Image-text web data
★ ★ ★

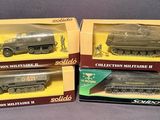 three boxed boxed toys of military vehicles on display on a gray surface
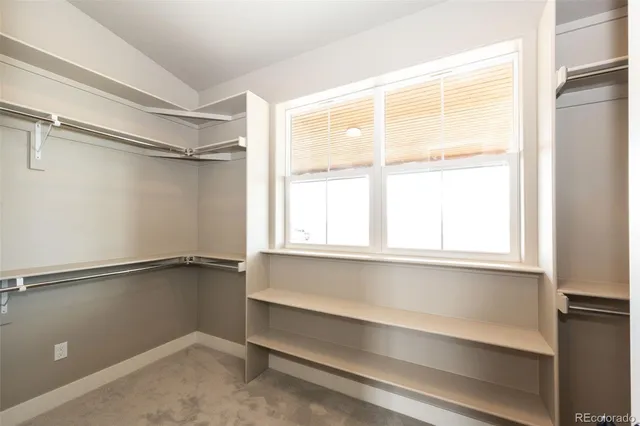 a view of walk in closet with window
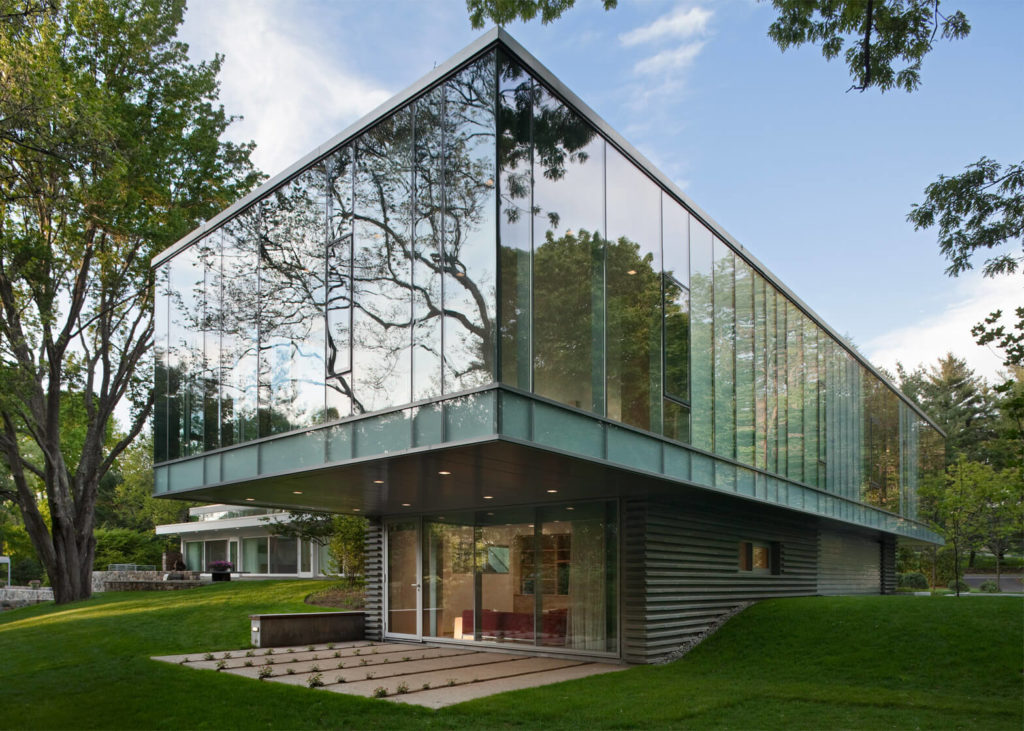 Glass House Architecture with a staircase leading to it 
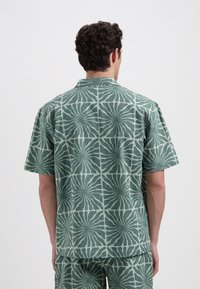 Korte mouwen shirt van textuurstof, met een groen en lichtgroen abstract zwirlpatroon, een notch-kraag en een ontspannen pasvorm.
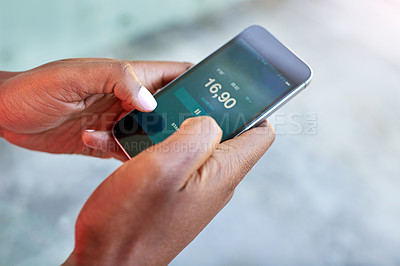 Buy stock photo High angle shot of a female athlete making setting up her workout playlist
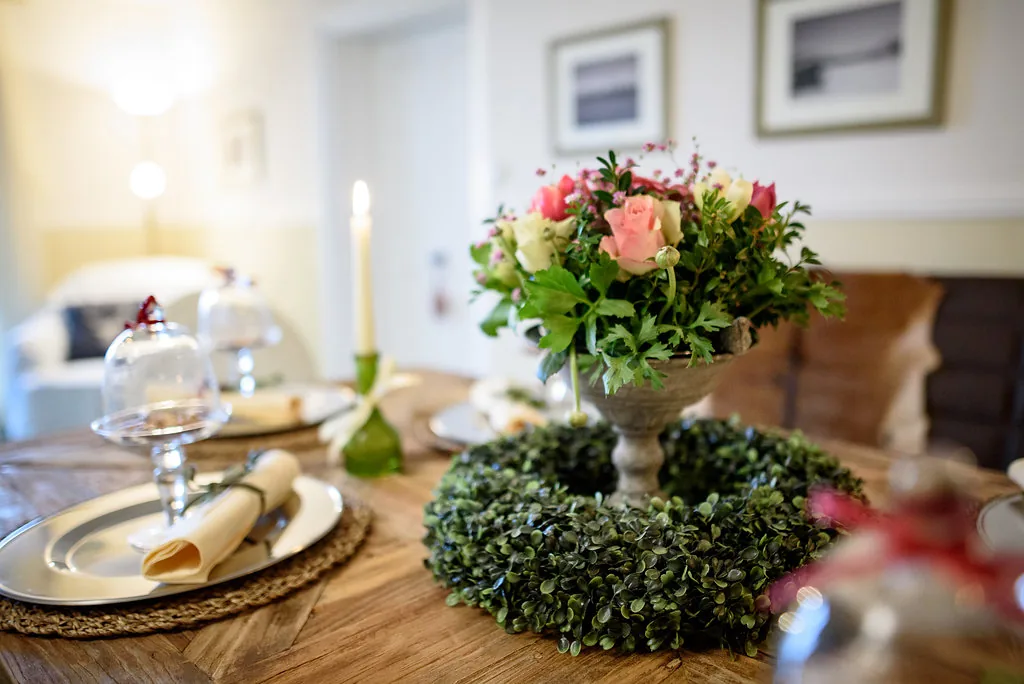 Blumengesteck auf dem gedeckten Tisch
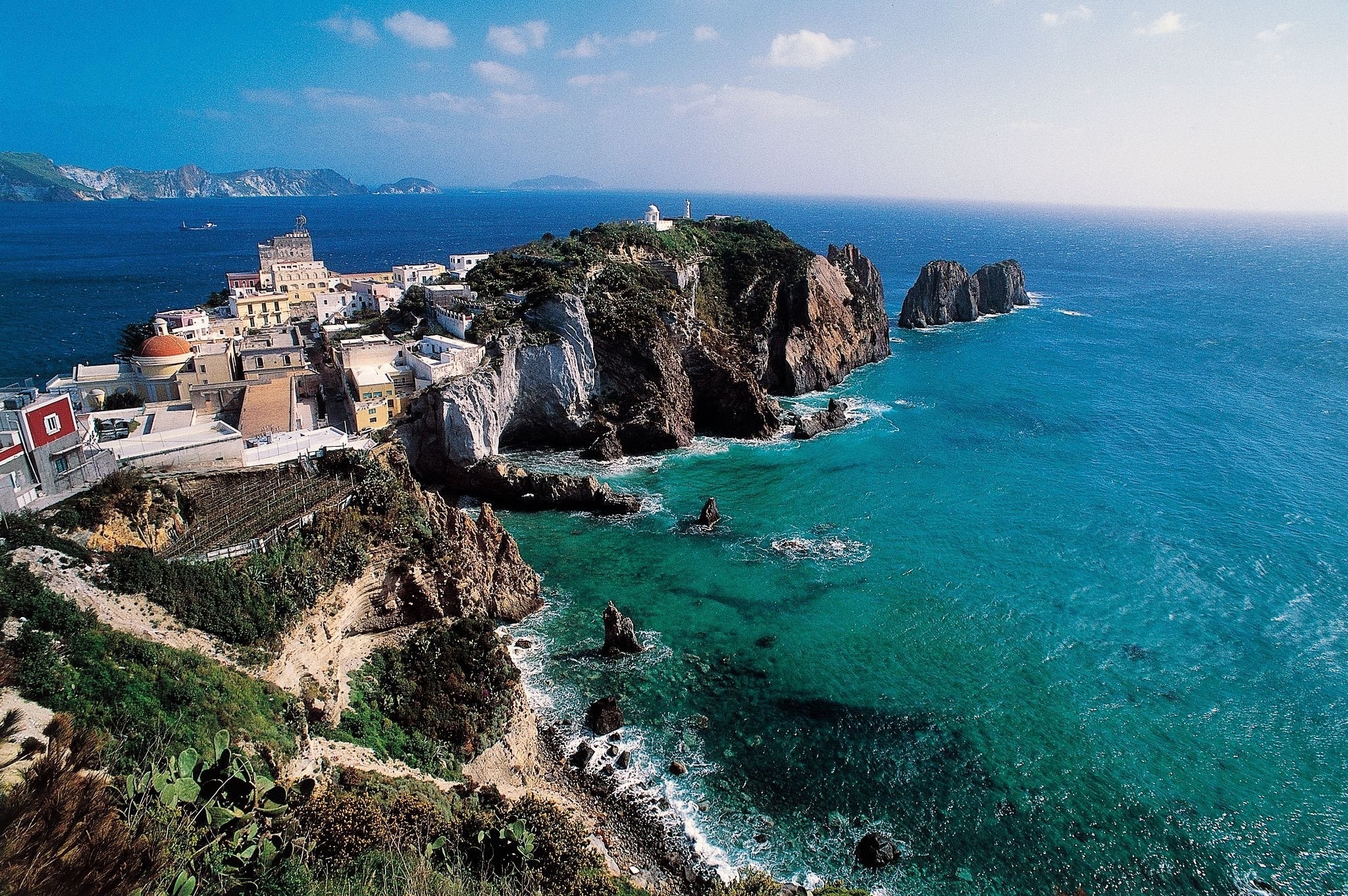 A coastal village with colorful buildings sits atop rocky cliffs overlooking clear turquoise sea, with waves gently crashing below and a lighthouse visible in the distance under a bright blue sky.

★ ★ ★

Your instructions
Reproduce all the entries above exactly. Include no images.

Solution
 three boxed boxed toys of military vehicles on display on a gray surface
 a view of walk in closet with window
 Glass House Architecture with a staircase leading to it 
 Korte mouwen shirt van textuurstof, met een groen en lichtgroen abstract zwirlpatroon, een notch-kraag en een ontspannen pasvorm.
 Buy stock photo High angle shot of a female athlete making setting up her workout playlist
 Blumengesteck auf dem gedeckten Tisch
 A coastal village with colorful buildings sits atop rocky cliffs overlooking clear turquoise sea, with waves gently crashing below and a lighthouse visible in the distance under a bright blue sky.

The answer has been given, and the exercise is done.